SentencePiece: Understanding pre-tokenization on raw Unicode bytes?

hattmindu · August 26, 2020, 9:27am

Hi. Can anyone here please explain to me, how SentencePiece is capable of utilzing Unigram LM/BPE to generate a vocabulary of subwords? As far as I understand both require that you have access to a initial vocabulary, consisting of words. Often acquired through means of pre-tokenziation on a “whitespace” level. But from the papers I’ve read, its utilizing raw input strings as input and avoids word segmentation issues associated with that multiple languages do not utilize “whitespace” as a word seperator.

I don’t understand how you can use Unigram LM/BPE, without this pre-tokenization. As far as i understand BPE requires word frequencies to perform character merges, and Unigram needs a initial vocabulary of words that it can in a iterative manner trim down based on words of shorter length. Have SentencePiece implemented a custom version of Unigram/BPE to deal with these on a sequence of unicode characters? I find very little information about how this actually is implemented, beyond " SentencePiece implements subword units (e.g., byte-pair-encoding (BPE) [Sennrich et al.]) and unigram language model [Kudo.]) with the extension of direct training from raw sentences."

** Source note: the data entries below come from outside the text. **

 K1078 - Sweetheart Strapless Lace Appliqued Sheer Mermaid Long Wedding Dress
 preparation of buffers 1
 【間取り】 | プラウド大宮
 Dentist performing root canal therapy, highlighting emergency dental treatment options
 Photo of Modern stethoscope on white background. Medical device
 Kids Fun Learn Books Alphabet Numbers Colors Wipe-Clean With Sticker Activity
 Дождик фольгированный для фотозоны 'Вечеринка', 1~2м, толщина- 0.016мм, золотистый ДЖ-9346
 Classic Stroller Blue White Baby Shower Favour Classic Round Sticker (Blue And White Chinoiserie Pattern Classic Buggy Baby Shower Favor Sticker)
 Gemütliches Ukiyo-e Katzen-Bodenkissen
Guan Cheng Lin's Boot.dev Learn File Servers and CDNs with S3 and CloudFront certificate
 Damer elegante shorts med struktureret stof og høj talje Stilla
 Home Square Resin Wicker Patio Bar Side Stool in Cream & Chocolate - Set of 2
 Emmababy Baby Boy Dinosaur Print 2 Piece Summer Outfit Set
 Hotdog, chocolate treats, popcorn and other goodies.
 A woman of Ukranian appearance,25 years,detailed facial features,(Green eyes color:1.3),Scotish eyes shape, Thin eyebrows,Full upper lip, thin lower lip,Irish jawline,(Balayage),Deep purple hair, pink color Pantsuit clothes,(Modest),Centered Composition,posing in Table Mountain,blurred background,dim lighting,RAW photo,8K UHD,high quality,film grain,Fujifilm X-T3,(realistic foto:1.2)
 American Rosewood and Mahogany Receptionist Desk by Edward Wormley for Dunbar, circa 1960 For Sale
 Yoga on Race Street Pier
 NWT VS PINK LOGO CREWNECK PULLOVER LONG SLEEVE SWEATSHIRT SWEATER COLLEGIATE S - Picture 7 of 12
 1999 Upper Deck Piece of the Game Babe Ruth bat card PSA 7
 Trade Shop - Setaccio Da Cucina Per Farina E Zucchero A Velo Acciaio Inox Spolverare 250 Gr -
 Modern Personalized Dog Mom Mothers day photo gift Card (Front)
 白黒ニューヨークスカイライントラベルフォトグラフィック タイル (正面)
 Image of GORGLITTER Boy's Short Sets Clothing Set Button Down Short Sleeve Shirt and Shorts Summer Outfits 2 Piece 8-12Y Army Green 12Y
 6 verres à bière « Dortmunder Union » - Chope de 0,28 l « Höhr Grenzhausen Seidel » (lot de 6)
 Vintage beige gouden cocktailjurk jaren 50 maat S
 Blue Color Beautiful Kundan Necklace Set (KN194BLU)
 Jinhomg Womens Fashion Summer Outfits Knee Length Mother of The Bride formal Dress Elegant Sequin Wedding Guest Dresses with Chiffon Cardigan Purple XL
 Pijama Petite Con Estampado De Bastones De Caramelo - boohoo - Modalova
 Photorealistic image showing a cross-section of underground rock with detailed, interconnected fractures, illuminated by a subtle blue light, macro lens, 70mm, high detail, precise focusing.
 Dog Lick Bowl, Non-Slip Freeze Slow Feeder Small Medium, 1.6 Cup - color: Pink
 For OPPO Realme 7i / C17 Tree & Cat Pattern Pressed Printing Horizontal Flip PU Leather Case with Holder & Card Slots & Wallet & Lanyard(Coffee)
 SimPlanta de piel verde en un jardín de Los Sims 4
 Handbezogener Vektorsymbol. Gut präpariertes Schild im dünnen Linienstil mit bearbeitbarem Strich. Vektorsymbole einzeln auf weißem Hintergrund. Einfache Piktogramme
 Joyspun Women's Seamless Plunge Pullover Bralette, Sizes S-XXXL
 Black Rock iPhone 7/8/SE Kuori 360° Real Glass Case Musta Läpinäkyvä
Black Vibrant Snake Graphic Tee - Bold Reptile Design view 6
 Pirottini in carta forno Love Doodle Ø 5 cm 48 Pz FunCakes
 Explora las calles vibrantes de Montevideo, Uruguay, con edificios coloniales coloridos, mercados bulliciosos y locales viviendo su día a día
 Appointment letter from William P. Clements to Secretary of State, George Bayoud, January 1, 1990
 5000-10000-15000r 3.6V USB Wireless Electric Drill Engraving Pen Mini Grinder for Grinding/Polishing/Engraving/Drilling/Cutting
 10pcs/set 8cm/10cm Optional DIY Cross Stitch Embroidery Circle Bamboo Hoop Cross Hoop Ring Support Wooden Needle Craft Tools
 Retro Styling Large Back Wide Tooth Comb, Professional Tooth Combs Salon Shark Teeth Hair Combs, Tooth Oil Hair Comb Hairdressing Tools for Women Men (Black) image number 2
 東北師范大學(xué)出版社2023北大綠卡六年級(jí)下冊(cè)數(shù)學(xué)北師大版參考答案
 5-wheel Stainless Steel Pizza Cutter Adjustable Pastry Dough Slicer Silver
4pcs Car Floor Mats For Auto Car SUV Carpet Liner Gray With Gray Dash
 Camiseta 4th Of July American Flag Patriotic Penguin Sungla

guillaumekln · August 26, 2020, 2:25pm

The sentence you quoted includes the link to the SentencePiece paper. Isn’t it helpful?

hattmindu · August 26, 2020, 3:42pm

Thank you for pointing it out, I found some information there that I’ve missed:
“There are several ways to prepare the seed vocabulary. The natural choice is to use the union of
all characters and the most frequent substrings in the corpus”

Not sure if this is what SentencePiece makes use of though.